As stated, players have observation & action as template parameters. Different implementations for player with same observation & action types would have different internal player states, different way of transformation observation to internal state, different subsets of permitted actions for state and so on.

There is way to generate specific player implementations by creating configuration file containing learning model definition.With the toolkit the Black Jack sample application is provided. The model definition file for the apllication is provided (look bjack_game/player3.rep ).

Data for Code Generation Process

In the model definition file we place following definitions:

Fields to be used in player internal state definitions.In the present library version all such fields are of enumeration types.
So, the format is:FieldName EnumTypeName
States Types in format: StateTypeName FieldName1{,...,FieldNameN}
Transformation from Observation Type to State Type: TransName definition. This definition is provided as conventional C++ code in the model definition file or inserted into the generated code .
Range defines group of states as follows:
RangeName StateTypeName FieldName1[MinValue1..MaxValue1]{,..., FieldNameN[MinValueN..MaxValueN]} (for every field in the state definition).
Actions permitted for range are specified in the following format: ActPerRangeName RangeName Action
In the present version only Markov policies can be generated automatically . Such policy is defined,as follows : PolicyName StateTypeName ActPerRangeName1{,ActPerRangeName2,...,ActPerRangeNameN}
Player Implementation is specified in the following format:
PlayerName StateTypeName TransName ActPerRangeName1{,ActPerRangeName2,...,ActPerRangeNameN}
where StateTypeName is internal state of the player definition, TransName is C++ code used to get internal state from the current observation and list of actions per range specifies all actions which are valid for different internal states.

How To Use The Toolkit.

So, to inplement leaning process using the toolkit (look bjack_game/bjack2.cc sample):

Create data file describing models for all kinds of RL players for the current application which means : players with Observation & Action types provided by the application.
Set environment variable TEMPLATE_DIR to templates and run script scripts/gen_defs.pl using model defintion file as input to perform generation of the code for specific player implementations.
In the application module using player object include file rl_headers/rl_player.h
Include also the file produced by code generation process.
Get pointer to RL Players factory:
PlayerFactory* factory = RL_PlayerFactory::Instance();
Create new player using the following command: Player* player = factory->CreatePlayer(params); where params string contains all parameters needed for player creation: in format :
- RL PlayerName AlgKind Lambda PolicyName , when player uses some fixed policy. Possible AlgKind values are TD0,Q_Learning.
- RL PlayerName AlgKind Lambda Eps , when player uses eps-greedy policy. Possible AlgKind value is Sarsa.

Toolkit availability

Get rl_player.tar "tar" archive from the RL course site.
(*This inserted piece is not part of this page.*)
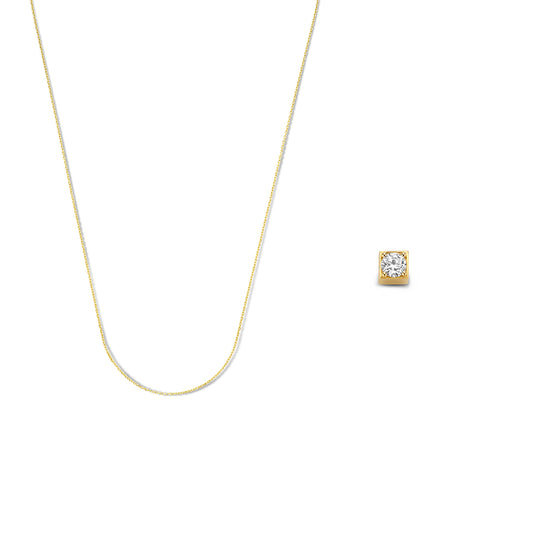 Cadeau d'Isabel 14 karat gold cube charm with zirconia stone and gold necklace gift set - - Isabel Bernard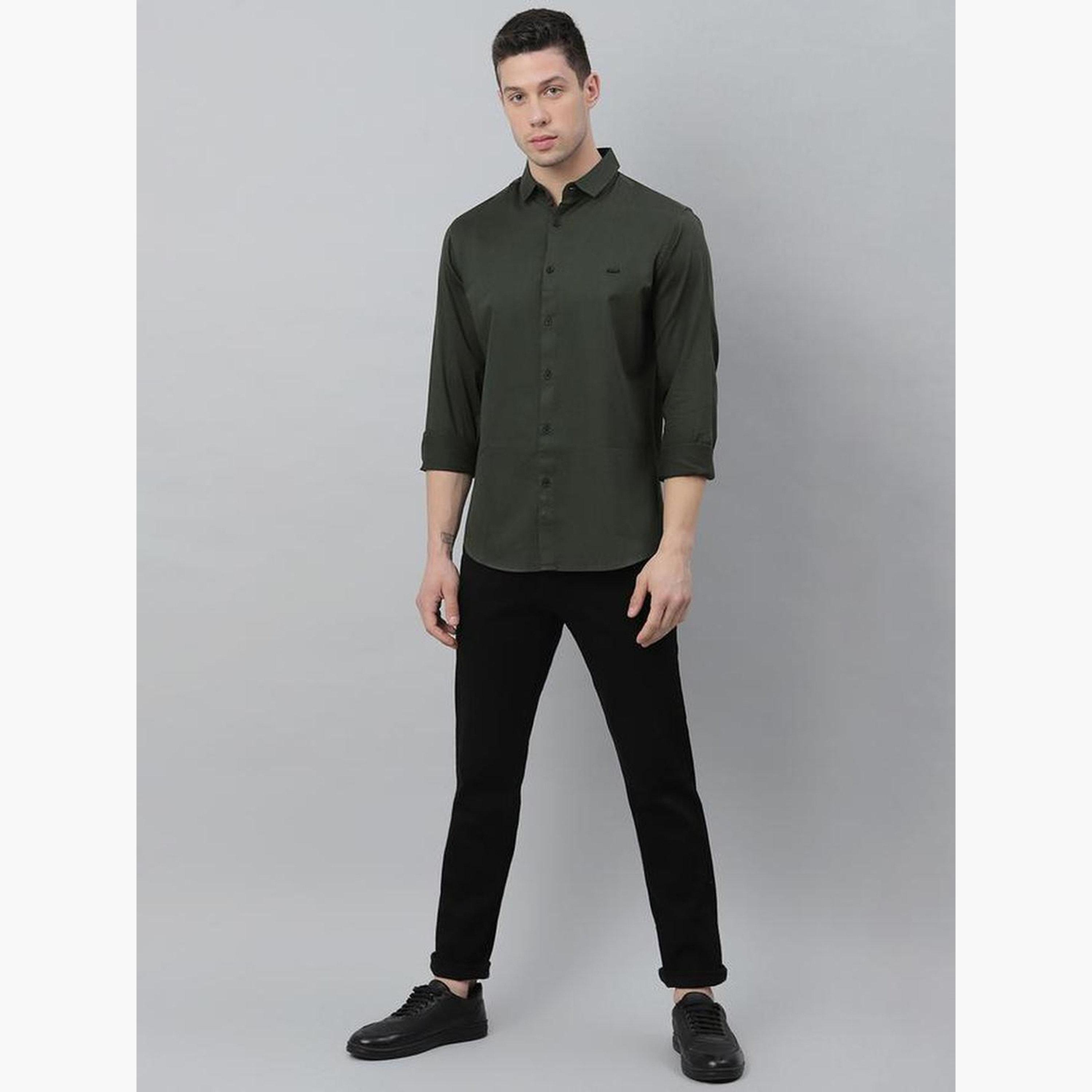 دينيس لينغو - قميص رجالي كاجوال قطني بقصّة سليمة لون زيتوني-men-clothing-shirts-image-5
When opened it contains the current file and 4 directories:

rl_headers contains reinforcement learning algorithms and player creation header files.
templates contains "templates" for code generation
scripts contains script for code generation process
black_jack contains sample application

Currently the toolkit is compiled and works properly on Linux & Sun OS platforms. Migration to MS Windows is not finished yet because of differences in C++ Standard Library & Perl implementations.